Washington, D.C., would have a $13.51 hourly wage, the highest in the nation. San Francisco’s would be $13.37 (below, it should be noted, their new $15 level), Boston’s would be $12.85 (up from its current $8.00), New York’s $12.25 (currently $8.00) and Seattle’s $11.85 ($15 by 2017).
The second and bigger task is to upgrade and improve retail jobs. Zeynep Ton of the MIT Sloan School of Management shows the benefits of doing so in her detailed research on leading retail companies, in her book The Good Jobs Strategy. The highest performing retail companies, she finds, are those that pay workers more. The reason is simple: Better-paid employees are more engaged; are a source of innovation and continuous improvement for their companies; and provide better customer service, generating happier customers. Such companies, which include household names like Zara, Costco and Trader Joe’s, not only make more money but become brands that consumers trust. Conversely, companies that pay people poorly end up with dissatisfied employees and dissatisfied customers. Here is what Ton told me in an interview on this site back in 2012:
When companies offer bad jobs, they can find themselves in a vicious downward cycle. Take supermarkets, for example. That’s an industry full of bad jobs—low pay, unpredictable hours, and work that is not meaningful. But it’s also a very complex working environment. In a typical supermarket, employees manage thousands of products, serve more than 2,000 customers a day, and carry out hundreds of sales promotions a week. When you operate such a complex environment with employees who are unmotivated, poorly trained, or overworked because the store is understaffed, the result is operational problems. Products are misplaced or mis-priced … Employees can't answer customers' questions—they may not know or have time. Those problems reduce sales and profits, so sales decline, so labor budgets shrink, so companies invest even less in their people. That’s the vicious cycle. Companies can still make money operating in this cycle, but they are leaving a lot on the table.
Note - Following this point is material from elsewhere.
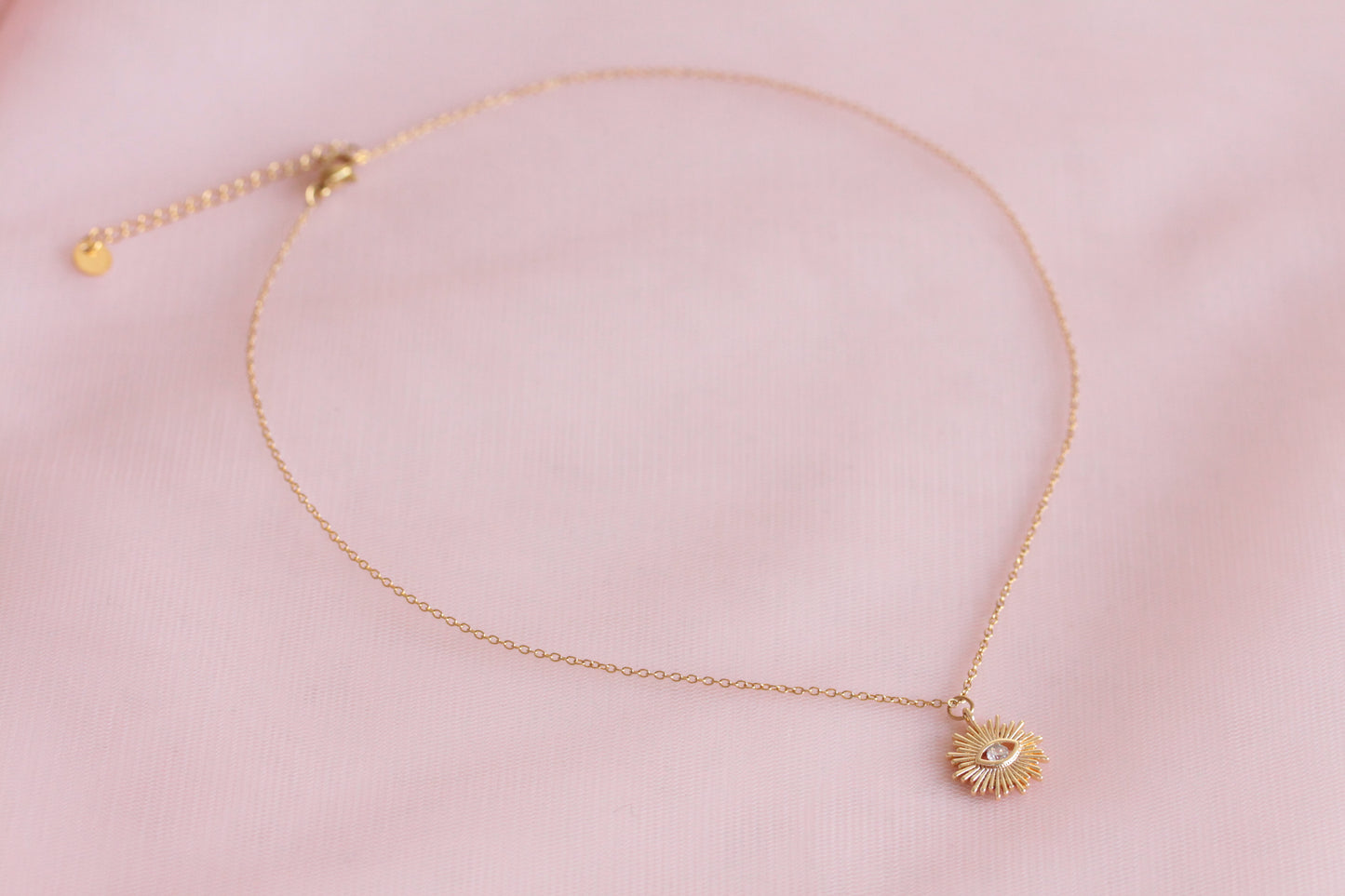 Gingko chain necklace and gold-plated flowers, brass chain gilded with fine gold Sylvia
Customers come as long as there are good deals, but they have no loyalty. …
A lot of people think that the good jobs strategy requires charging customers more—but that’s not true at all. Companies that follow the good jobs strategy offer low prices. A lot of people also think that companies offering good jobs in low-cost industries must have unique characteristics that allow them to do so. That’s also not true. Any firm can follow the good jobs strategy because what makes it work is smart operational choices along with investment in people. …
There’s nothing idiosyncratic about these companies that allows the good jobs strategy to work. They aren’t flukes or special cases. But they do work hard at it and their managements have stood by the good jobs strategy even at tough moments when it would have been convenient to save some money at the employees’ expense. And when they do that, they come out even stronger and more competitive.
Inequality is rising. Our labor market is cleaving into a small share of good, knowledge-economy jobs and a much larger number of low-skill, low-wage service jobs.
But the holiday season—a time for helping others—is the perfect time to focus on rebuilding America’s middle class. To do that, we’ve got to raise the minimum wage and get on with upgrading retail jobs. This will bolster workers’ pay, but it will also improve companies’ bottom lines.
By upgrading the nearly 70 million low-wage jobs that held by more than 45 percent of Americans, we’ll pave the way for a new American middle class, one that is able to support their families with their work.